Let me give an alterantive perspective. Let's hypothetically assume that the two female top skiers (the outliers) in the Norwegian team, with the help from a shady team doctor decided to go down the enhancement alley. The strategy was to use stereoids where a solid scape goat was at hand if caught. They decided to use the good old out of fashion Clostebol where the Trofodermin ointment would do the work if caught. When one of the two outliers was caught in september 2016 they had to go with another alternative with the grand ol' lady. If caught with heightened levels of testosteron, no plausible explanation to give. With Nandrolone, both pig meat and Primulat-N pills would work.
While claiming "I am not defending Norwegians, and IIRC, even Dr. Jim Stray-Gundersen (of Norwegian origin) didn't defend the Norwegians when he reviewed their HB-data in 2018 for the Swedish media" you sure seem quite eager to find whatever supports Marit.
It would be interesting to know if there exists any data on how succesful the "pig meat"-defence has been in the past or whether Primolut-N or pig meat can account for presence of any of the nandrolone metabolites (there exists more of them than the one present in Bjørgen's urine).
To summarise in Oxford-style why I don't find anything overtly suspicious in the 2017 case:
1) There is nothing debunking the narrative that she took the incident into public voluntarily knowing that her presumably favourable treatment would draw some attention.
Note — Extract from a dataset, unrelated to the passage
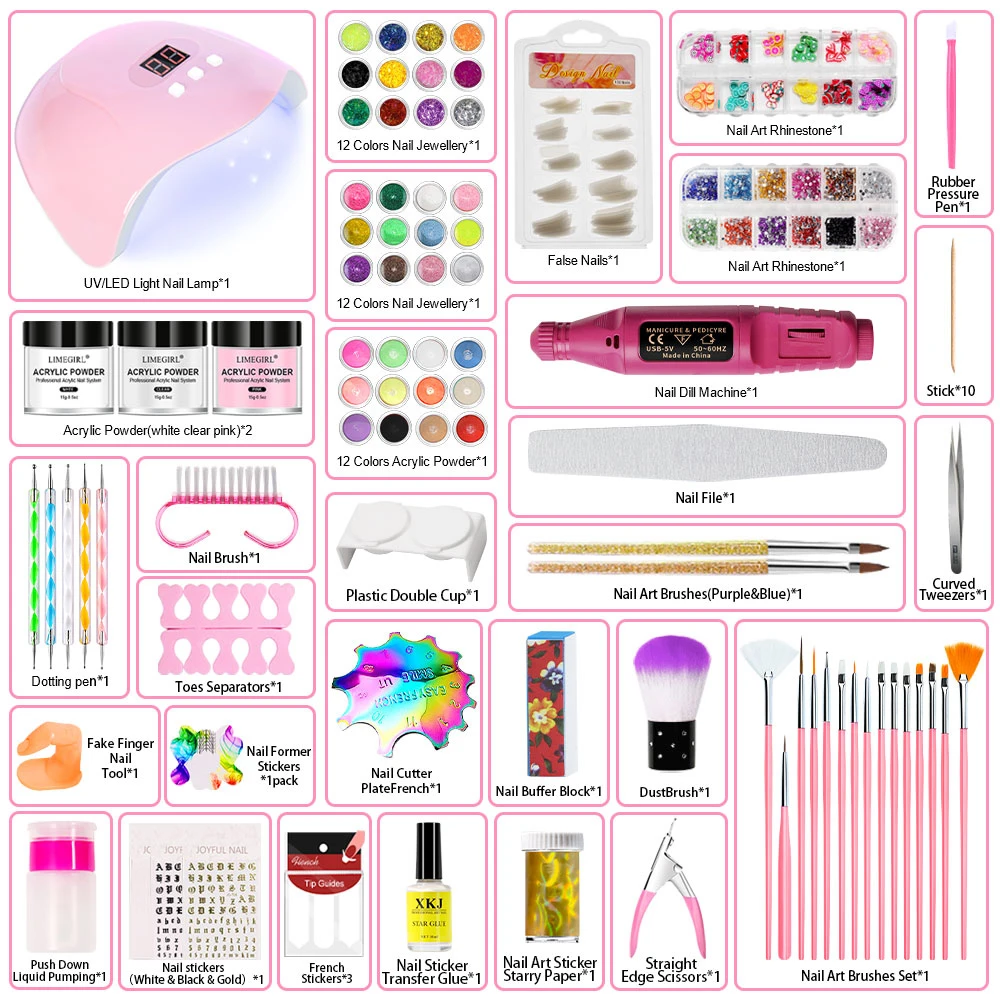 Nail Kit for Beginners Full Acrylic Manicure Kit with Drill and UV Light Nail Extension DIY Complete Starter Kit 4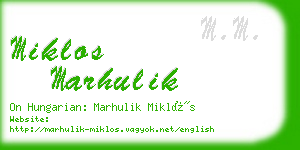 miklos marhulik business card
If it was a coverup, this would be sheer stupidity. Had the origin of the story in the media been someone else, the situation would've been completely different.
2) Only her last sample (apparently) was positive for a relatively easily detectable steroid. It was not trace amounts remaining after a miscalculated glow time from a steroid patch/microdose she took weeks before the 2017 Games. Had the positive taken place in the first doping test, again the situation would've been completely different.
While some cyclists have (presumably) microdosed steroids during the multiday stage races, even one proven case of someone consuming nandrolone shortly before an almost 100 % certain doping test would help your hypothesis or someone testing positive during a stage race / Championships after having tested negative a few days earlier. And again, testosterone is by a magnitude more difficult to detect, no explanation for presence in a test because it won't come back us a positive.
About who I defend and who I don't -- whether I generally think that there is something suspicious in the Norwegian XC-skiing miracle is one question, whether I think that Marit Bjørgen is a doper another one, and whether I consider the 2017 incident suspicious is yet another one. There is no tribalistic reason to see them as answer all in positive or negative.
That having been written, I do think that she is on general level suspicious as hell.